= PROVIDED DATA =
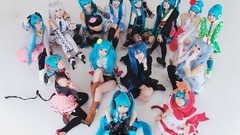 Woman cosplay vocaloid hatsune
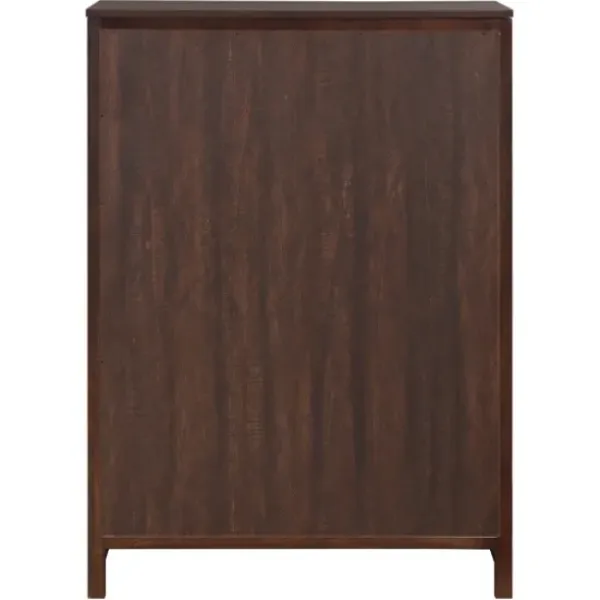 Dressers & Chests-Kirkland's Home Wood & Gold Hardware 5-Drawer Chest Brown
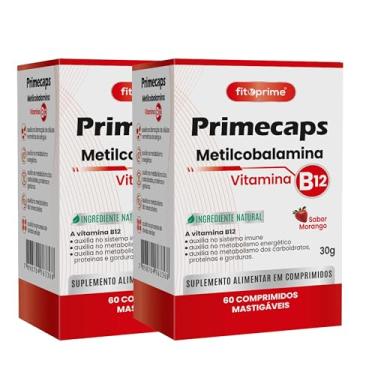 Imagem de Kit 2x Primecaps Vitamina B12 Metilcobalamina Mastigável Sabor Morango Fitoprime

= WHAT YOU WILL DO =
Any images must be left out; transcribe the rest of the material exactly.

= FINISHED EXERCISE =
 Woman cosplay vocaloid hatsune
 Dressers & Chests-Kirkland's Home Wood & Gold Hardware 5-Drawer Chest Brown
 Imagem de Kit 2x Primecaps Vitamina B12 Metilcobalamina Mastigável Sabor Morango Fitoprime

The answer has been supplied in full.